As a huge Rocky fan, the similarities in the movie arc were very apparent, but the emotional trajectory was far more intense.
There’s no surprise that Hope’s wife, played by the beautiful Rachel McAdams, dies early on in the film, considering the trailer shows us maybe too much, but the way her death affects Billy Hope and his daughter becomes the driving force in the film, much like the death of his trainer Mickey affects Rocky in a way that only trainer Apollo Creed can bring him back from. You’ll see what I mean, I swear.
Following a string of violent and self-inflicting events to cope with the pain and regret of his wife’s murder, Hope winds up losing his daughter to child protection services. To get back on his feet in order to prove to the court that he can care for his child, he turns to gym trainer, Tick Willis, played by Forest Whitaker. The beauty of Gyllenhaal’s performance is his mumbling speech that accompanies the visual deterioration you can literally feel with every visit between him and his daughter. Pair him with Whitaker, who portrays a passionate Willis, who endures a more subtle struggle of his own, you have a winning pair. Literally, but I don’t want to give away too much.
My only gripe with the film, is that an obvious beef between Hope and 50 Cent’s character, Jordan Mains, is never really settled. Mains, who works as Hope’s promoter and longtime friend, stresses the importance of family over contracts, a number of times throughout the film, and you suspect his betrayal from the beginning. When he eventually moves to rival fighter, Miguel Escobar’s corner on a strictly business venture, one would expect Hope to settle up with his former friend, but that never seems to be the case.

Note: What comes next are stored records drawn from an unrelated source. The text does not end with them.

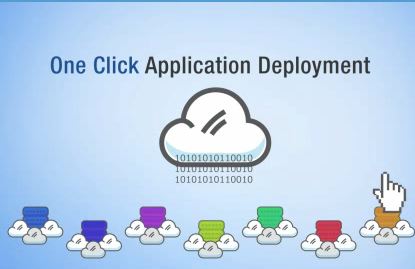 One Click Application Deployment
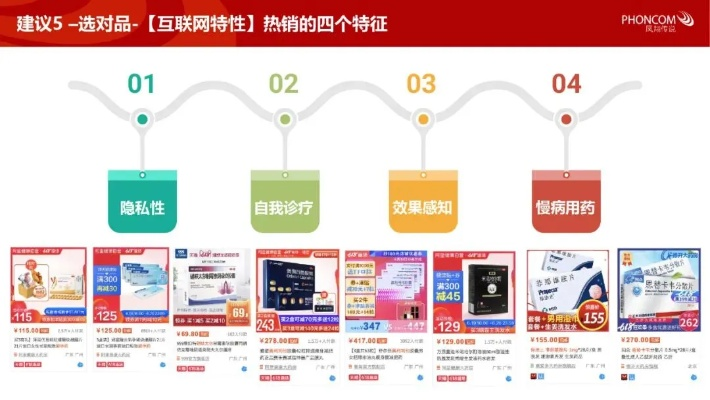 医药品牌推广渠道全解析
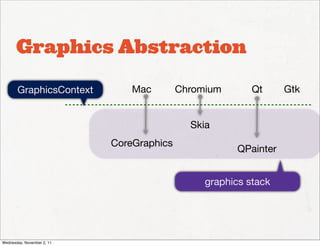 Graphics Abstraction

       GraphicsContext          Mac        Chromium       Qt     Gtk


                                             Skia
                            CoreGraphics
                                                      QPainter


                                                graphics stack




Wednesday, November 2, 11
 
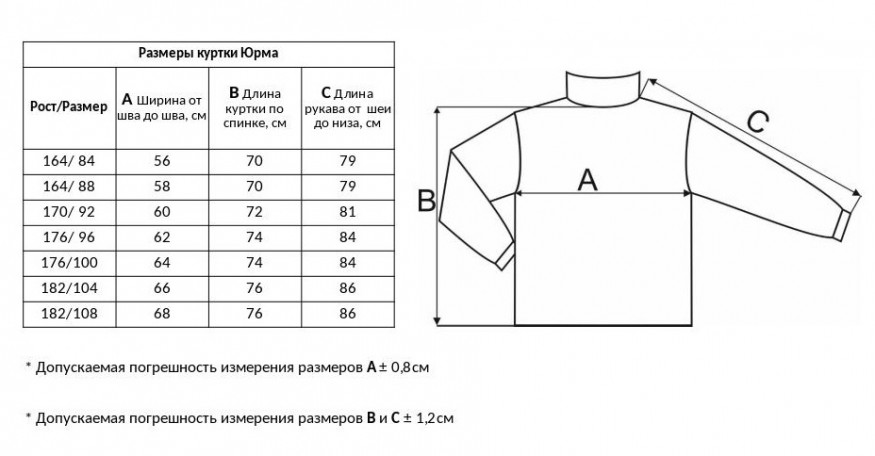 Куртка Век Юрма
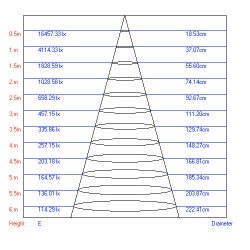 TR3 - 18 BK Трековый Светильник ЭРА 18Вт черный SMD | Без бренда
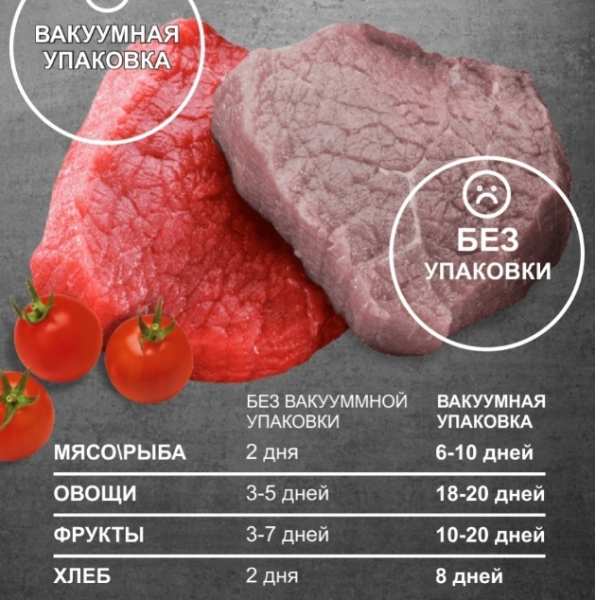 Вакуумный упаковщик (запайщик) продуктов Vacuum Sealer S (2 режима работы +10 пакетов в подарок)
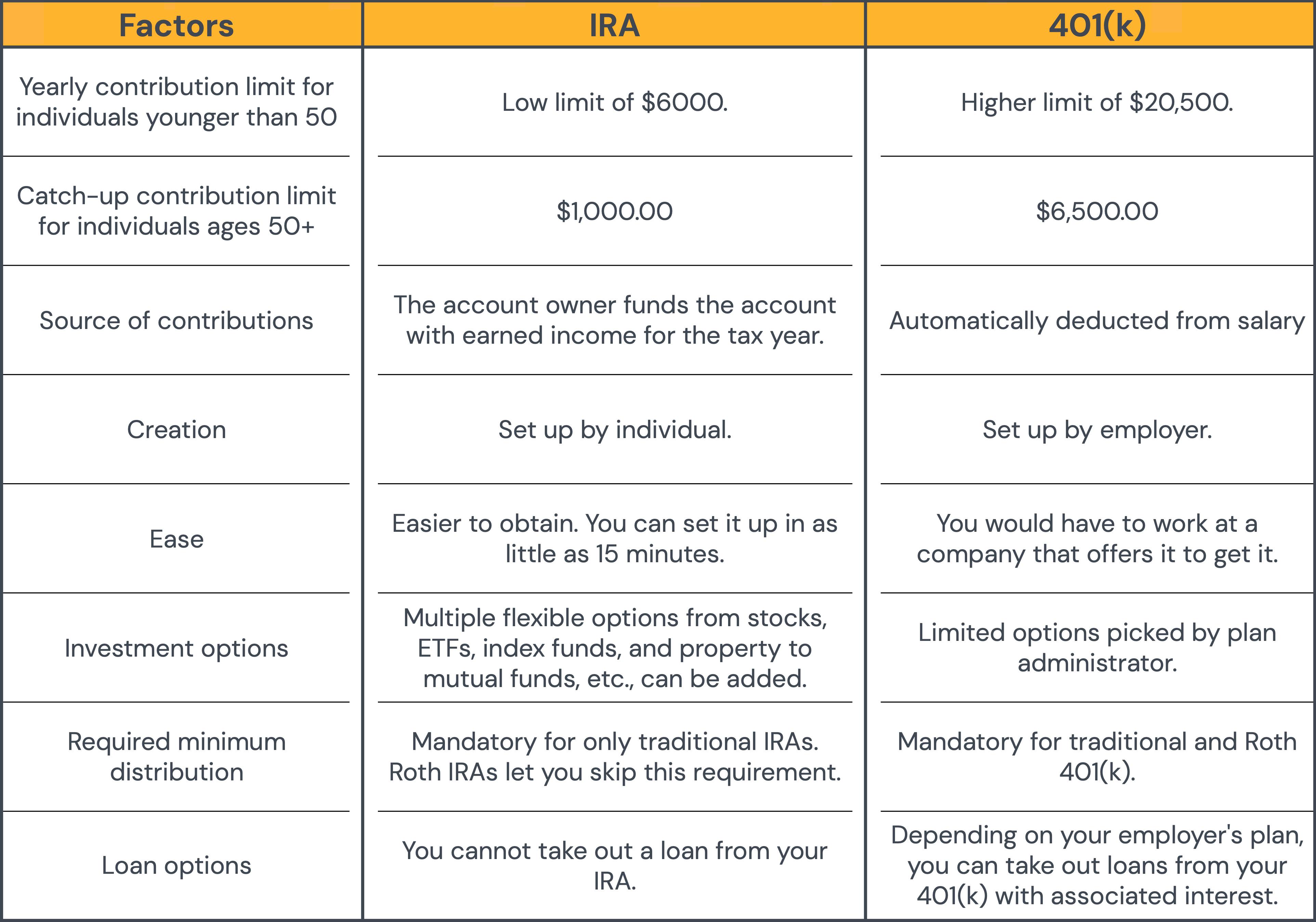 Table comparing IRA and 401(k)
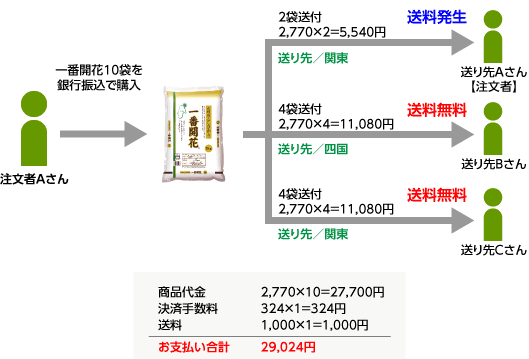 ご説明図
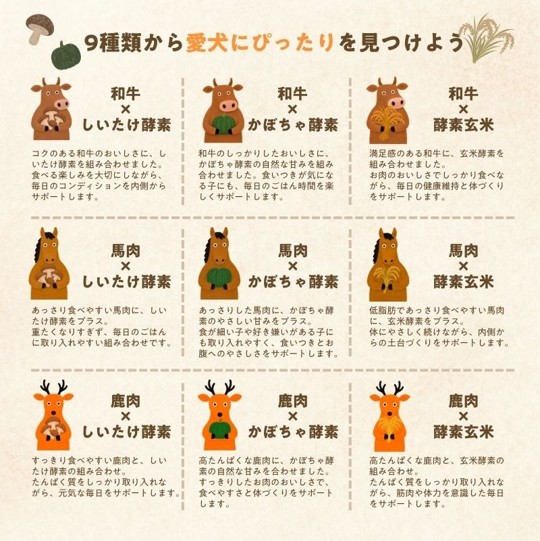 なないろ食堂　かぼちゃ酵素牛肉ペーストの画像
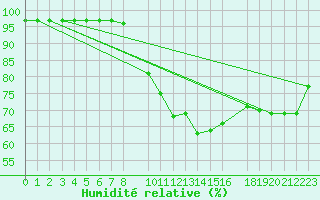 Courbe de l'humidit relative pour Lisbonne (Po)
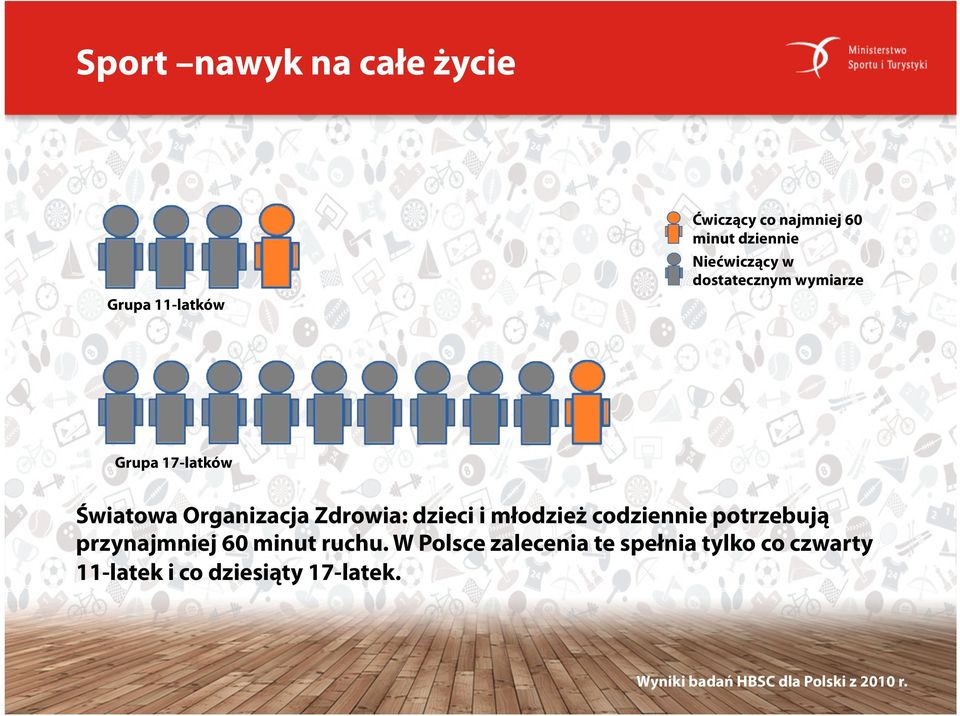dzieci i młodzież codziennie potrzebują przynajmniej 60 minut ruchu.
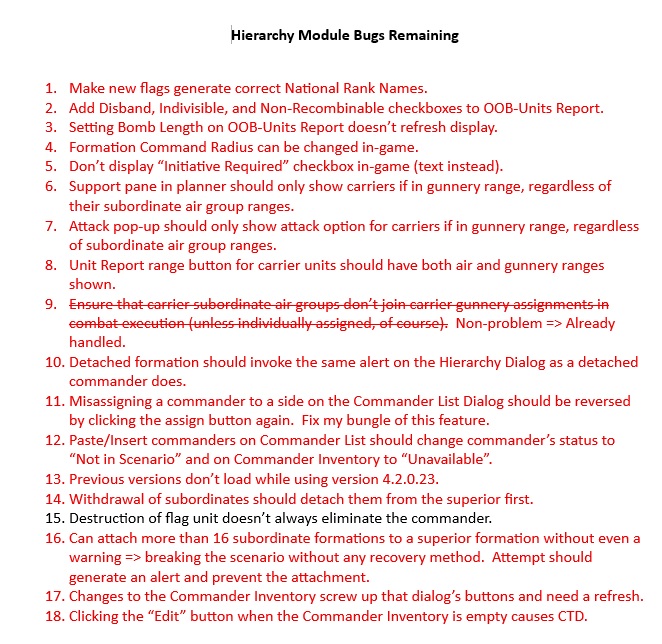 New Hierarchy Module bugs #17 & #18 fixed.jpg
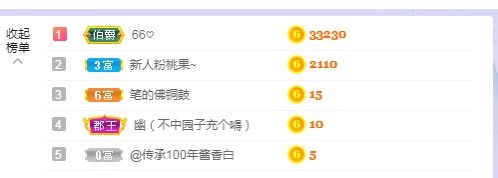 77呢主播照片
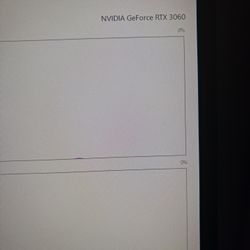 RTX3060 (Ryzen7 4.4ghz) DDR4 32gb 1tb SSD 1tb HDD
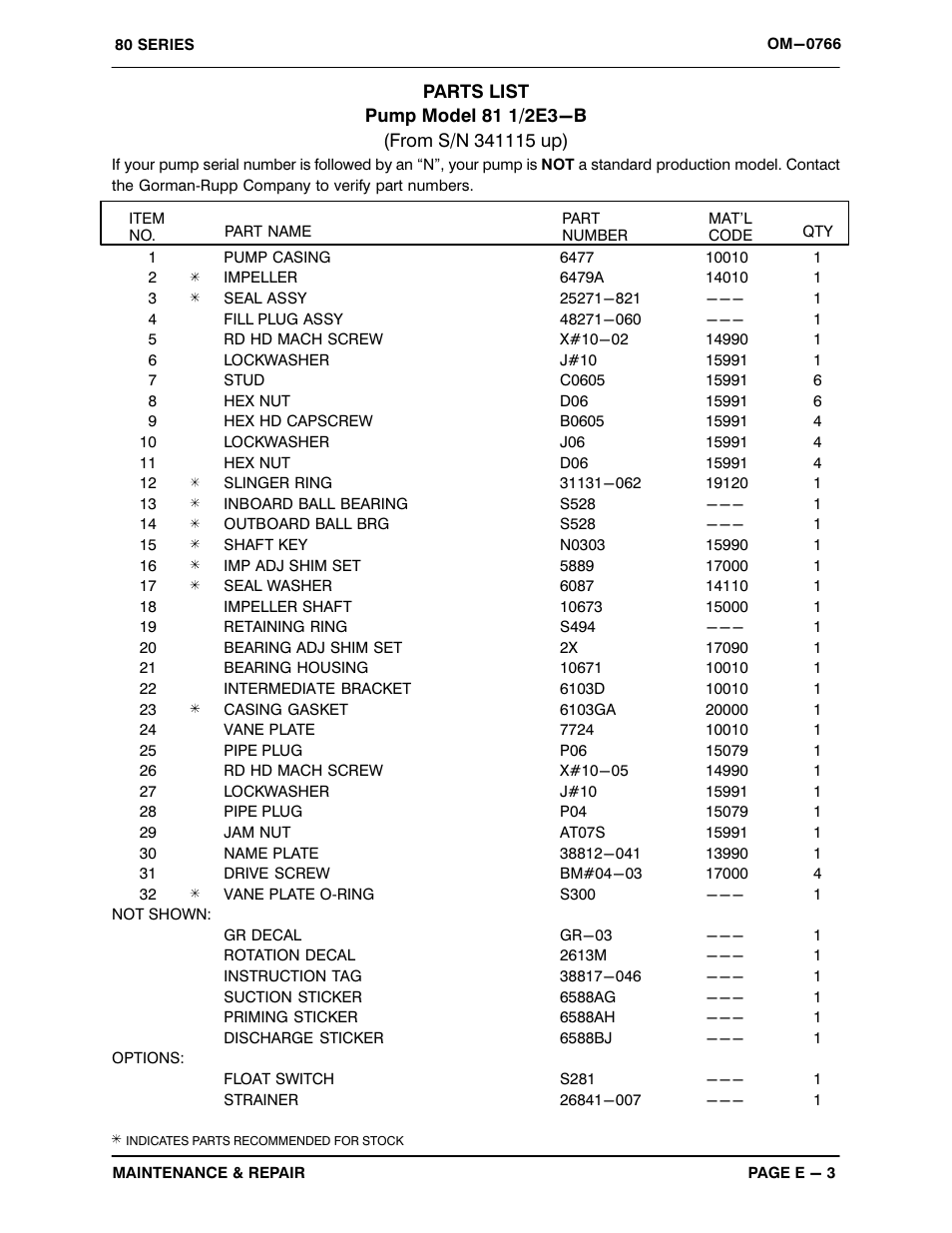 Gorman-Rupp Pumps 81 1/2E3-B 341115 and up User Manual | Page 21 / 28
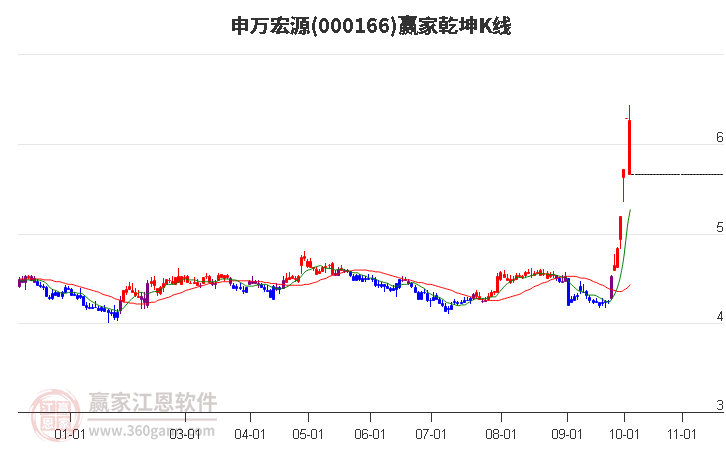 000166申萬宏源贏家乾坤K線工具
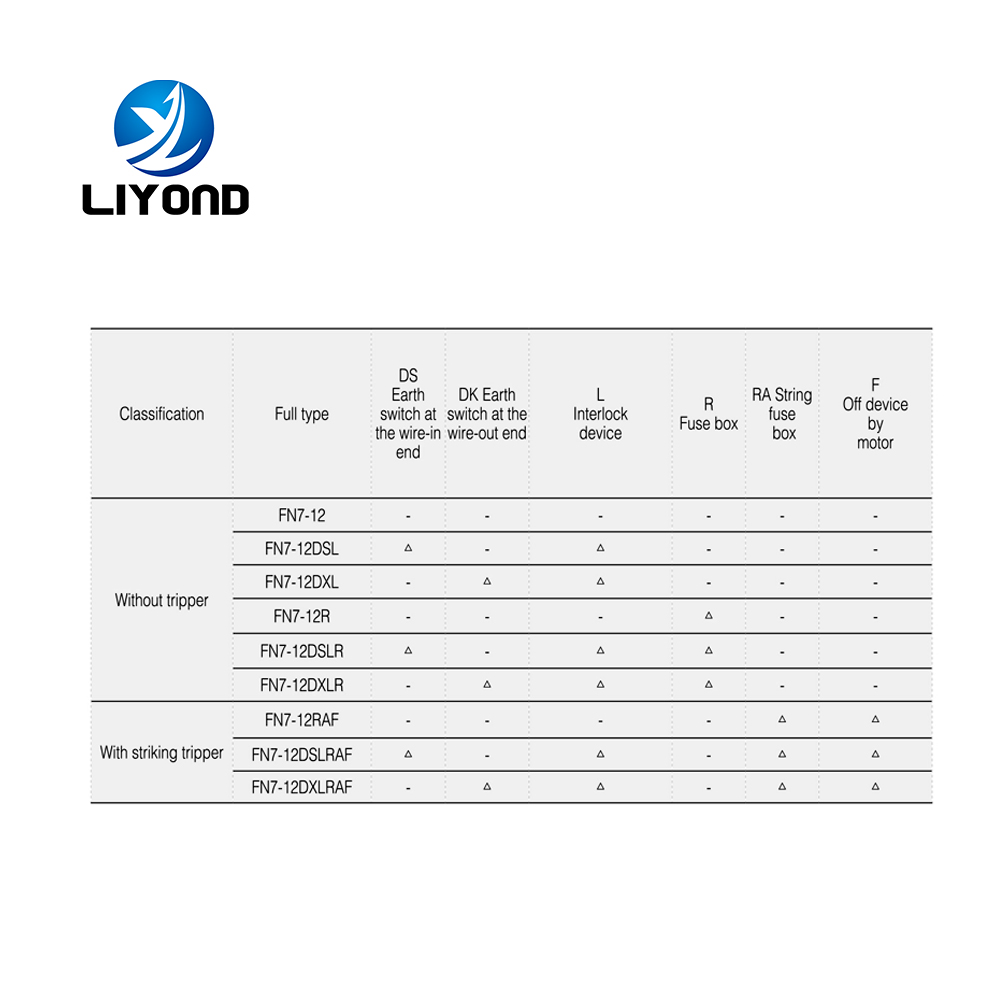 FN7-12 KV Series Indoor H.V. load break switch fuse combination electrical appliance vacuum load breaking switch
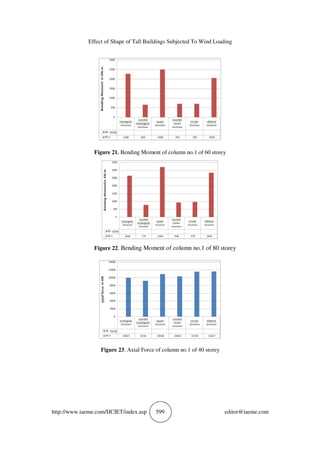 EFFECT OF SHAPE OF TALL BUILDINGS SUBJECTED TO WIND LOADING | PDF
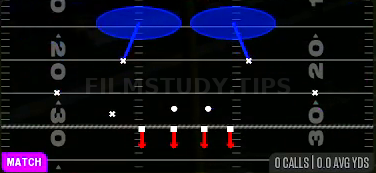 Pounder — Match play diagram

Other than this, the film was beautifully done. The training scenes were visually stunning and the final fight scene felt like you were actually at home watching a huge pay-per-view event on your flat screen, especially with Jim Lampley and Roy Jones Jr. calling the fight, and real-life referee Tony Weeks controlling the fight. I’m pretty positive there was even a Miguel Cotto reference made in the movie, the boxing star from Puerto Rico who is set to announce his fight with Mexican fighter, Canelo Alvarez, any day now.
In any case, I give the movie two thumbs up and Gyllenhaal and Whitaker my vote for best actor and best supporting actor.